I francesi tengono d’assedio la città eterna e sconfiggono Garibaldi che lascia Roma insieme a Mazzini. Cristina, ferita nel corpo e nello spirito, soccorre Goffredo Mameli che le muore fra le braccia.
Nuovamente la principessa viene accusata di essere una poco di buono: lo Stato Pontificio vuole incarcerarla e lei fugge nuovamente. La Grecia prima, la Turchia e la Palestina dopo, le offrono asilo.
In queste terre riuscì a scampare a un attentato da parte di un cameriere folle che le inflisse quattro pugnalate.
Dopo otto anni la principessa rivoluzionaria torna in Europa. Continua a scrivere per la Revue des Deux Mondes e collabora con Cavour che un tempo l’aveva apostrofata come donna di facili costumi e adesso le chiede scusa.

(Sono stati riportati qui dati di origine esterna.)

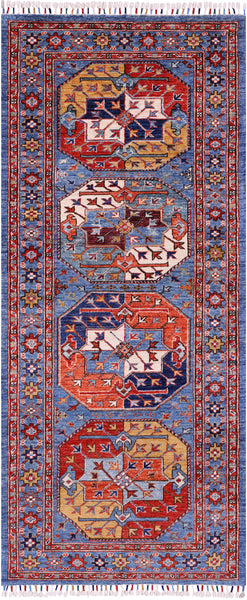 Turkmen Ersari Handmade Wool Runner Rug - 2' 8" X 6' 6" - Golden Nile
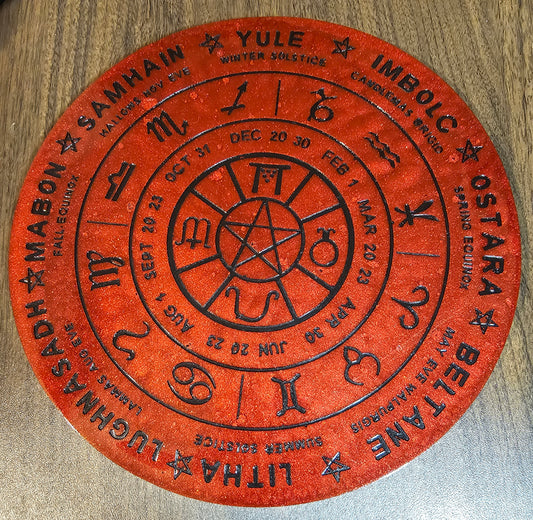 Red and black Witches Wheel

Alla morte di Cavour, la principessa interrompe la sua militanza politica e si dedica a scrivere articoli sociologici che vengono pubblicati dalla Nuova Antologia. Molto attenta alla condizione delle donne scrive: “la condizione della donna non è tollerabile se non in gioventù. Gli uomini che decidono della sua sorte non mirano che alla donna giovane; l’età matura di lei né la vecchiaia sono considerate, né a queste si provvede”.
Cristina Trivulzio di Belgioioso morì il 5 luglio del 1871 all’età di sessantatre anni. Anche nell’ultima parte della sua vita mise in discussione il ruolo della donna del suo tempo con il preciso intento di rivalutare in pieno il mondo femminile. La sua incredibile esistenza, come la sua vastissima cultura costruita anche attraverso i libri e i viaggi, le permisero di affrontare con una forza speciale le numerosissime critiche che le riservò la società di quel tempo.